るろうに剣心 -明治剣客浪漫譚- 再閃

【るろうにけんしん めいじけんかくろまんたん さいせん】

ジャンル 対戦剣戟(2D格闘)
対応機種 プレイステーション・ポータブル
発売元 バンダイナムコゲームス
開発元 ナツメ
発売日 2011年3月10日
定価 6,279円
判定 なし
ポイント 登場キャラの一部の作画が崩壊気味
買・即・売
TVアニメ15周年記念作品
るろうに剣心 -明治剣客浪漫譚-シリーズ

概要

  • 炎上!京都輪廻』から5年ぶりのゲーム化。『るろうに剣心』第4作目。
  • PVでは期待されていたものの、いざ発売されるとボリュームの薄さをはじめとした問題点の多さで微妙ゲーとしての烙印を押されてしまった。

問題点

  • ストーリーモード構成
    • 「会話→対戦→会話→対戦」という単調な流れでありさほど捻りが無い。途中セーブもなく難易度も選べない。各キャラ6戦ほどあり時間が空いているときでないとあまり進められない。
  • 奥義の仕様
    • どんな技でも必ず2ヒットする。というか2ヒットしかしない。
      • 剣心の九頭龍閃のような九連続攻撃でも2ヒットであるし、どうみても一撃の攻撃も2ヒット。
        中には攻撃回数を叫んでいるキャラもいるせいで余計におかしく感じる。
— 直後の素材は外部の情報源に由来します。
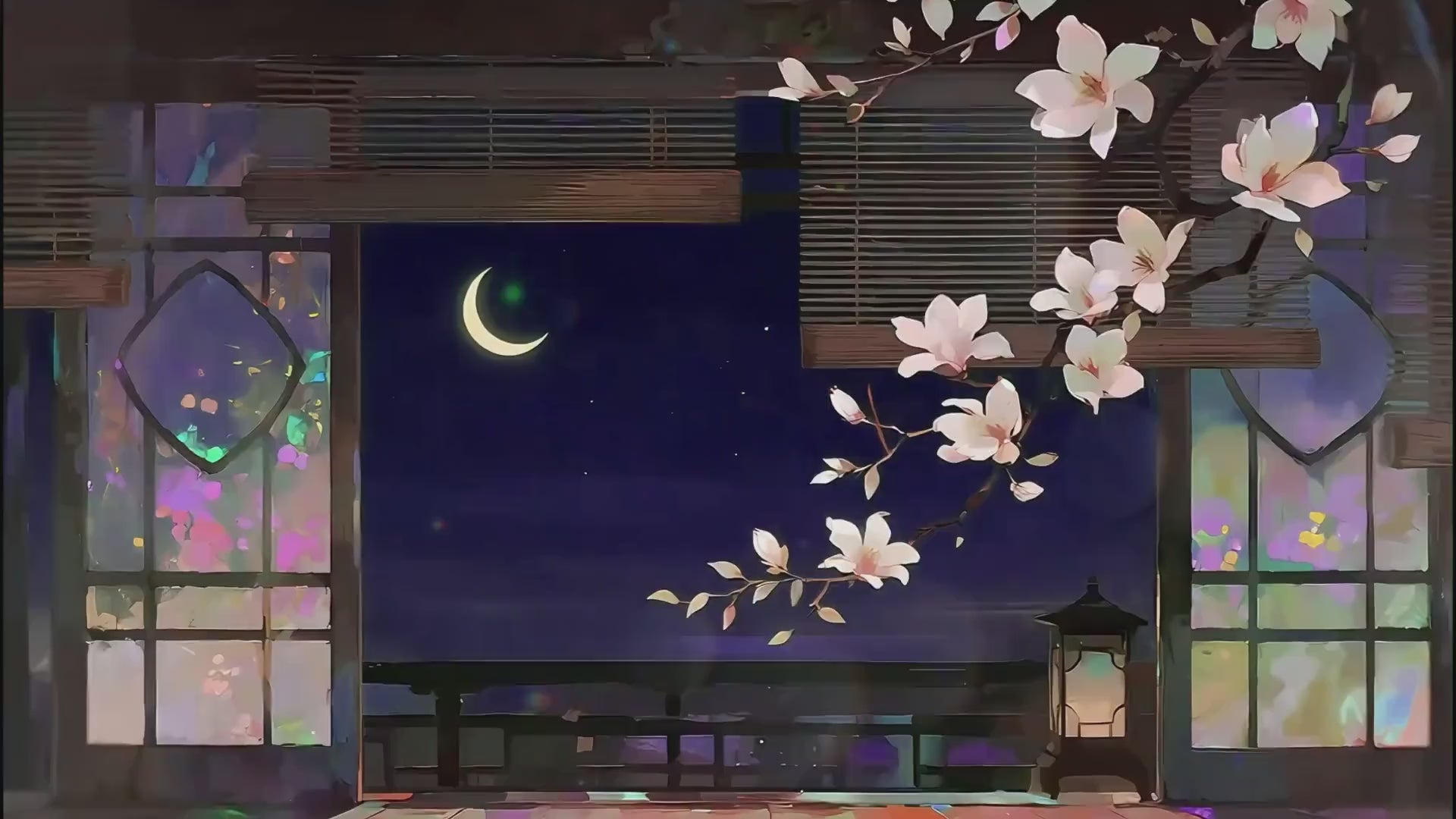 Moonlit Magnolia Balcony – Animated VTuber Background Set | 1440p QHD Loop Videos | Serene / Cozy / Mystical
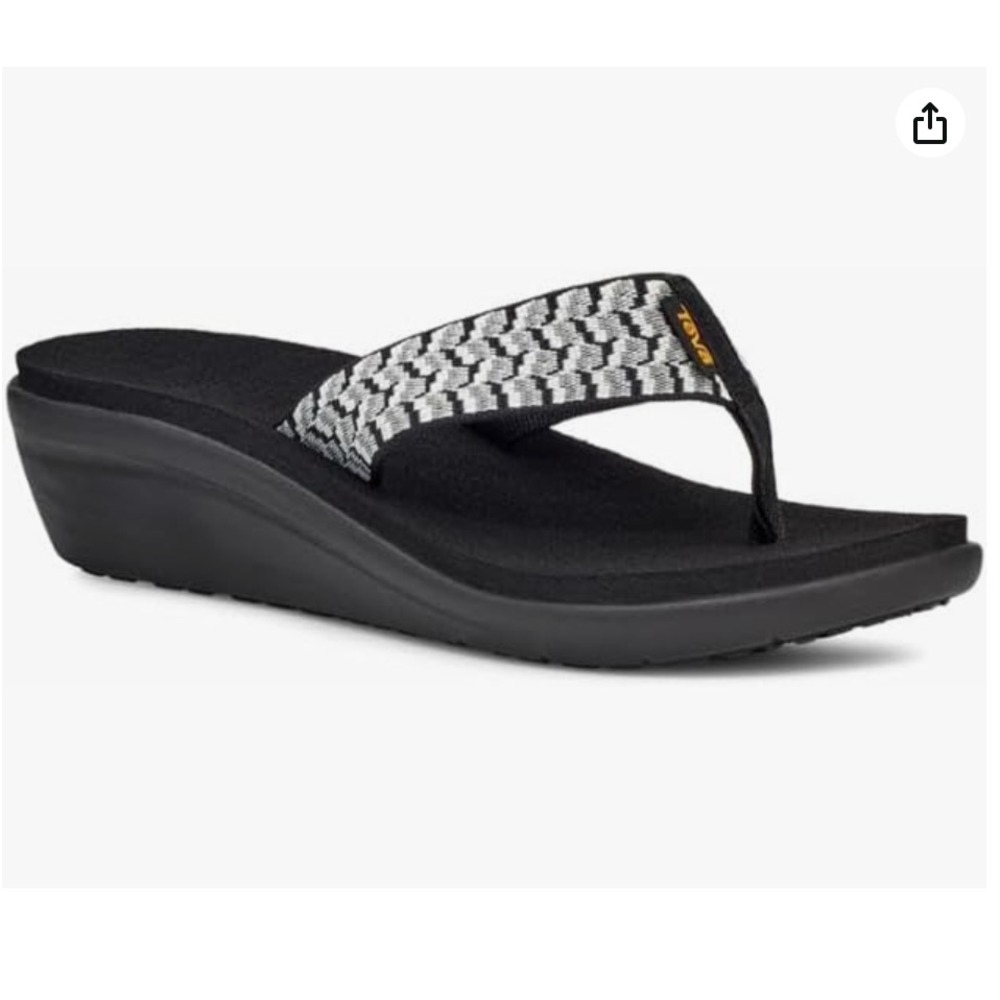 Teva Voya Wedge Thong Sandals Comfort Fashion Black White‎ Women 8 UK 6 EU 39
「一撃、二撃、三撃、四撃撃、五撃ィィィ!!」だが二撃。
      • ビジュアル的にも不自然であり、技ごとのヒット数の差別化は数世代前のハード機でも実装できていた事もあり、明らかに手抜きであろう。
    • また奥義発動時も数秒のロードが発生するためかなりテンポが悪い。
  • 難の多い作画
    • 登場キャラの1/4ほどのキャラの作画がかなり不安定で、肩幅が広かったり、顔がもはや別人だったりと残念なことになっている。
      • アニメから15年も経過したという事で作風が変わるのは仕方が無いが、目に見えて違和感を覚える程崩れてしまうのはプロが手がける商業作品としていかがなものか。
  • 原作再現が碌にできていない
    • 左之助が常に斬馬刀を所持していたり、「抜刀斎」が九頭龍閃を使えたり、青空が笑顔で刀を売ったりといろいろと再現できていない。
      • 一応ご存じない方のために解説すると、左之助の斬馬刀は序盤で剣心と戦った際に刀身が斬られ、それ以降は素手で戦っている。原作では後に(無理矢理にとはいえ)修復しているが、本作の舞台である京都編の後である。
      • 「抜刀斎」は剣心の10年も過去…幕末時の姿であり、明治になって剣心が新たに習得した九頭龍閃は使えない。
      • 青空は父親である赤空の影響から人殺しの道具を作る「刀工」という肩書きを嫌っており、初登場時はほぼ廃業状態だった。作中で彼は、赤空が遺した「逆刃刀・真打」を鍛えなおしただけで自分で刀は打っていない。
  • その他
    • 対戦モードでは制限時間が無限にできなかったり、練習モードがないと色々とぬかっている部分が多い。
      • また一部の攻撃が調整できておらず奥義の1/2程度のダメージを与えられる技が存在する。

評価点

  • OPの質
    • 完全書きおろしで良質なものとなっており、ここはかなり好評。おそらく開発はOPの時点で力尽きたと思われる。

総評

TVアニメ15周年記念で作られた作品だったのだが、
ナチュラルな原作レイプ要素や所々手抜きを疑われる場所があったりゲームテンポも悪かったりと、かなり残念な作品となってしまった。クソゲーや黒歴史と断ずるまでではないにせよ、るろ剣ファンであっても長くやりこめる作品であるかと言うと首を傾げざるを得ない。
システムの土台そのものは悪くはなく、妥協や手抜きなく作り込んでいればもっと評価は高かったはずで、非常に惜しいゲームである。

余談

初回限定特典のプロダクトコードを利用すると、ブロック崩しゲームである『るろうに剣心 -明治剣客浪漫譚- 絢爛遊戯』を入手できた。
ちょっとした暇つぶしにはもってこいだが、破壊不能ブロックのせいで玉が落ちて来ないなどの調整不足が見られ、出来はあまり良いとは言えない。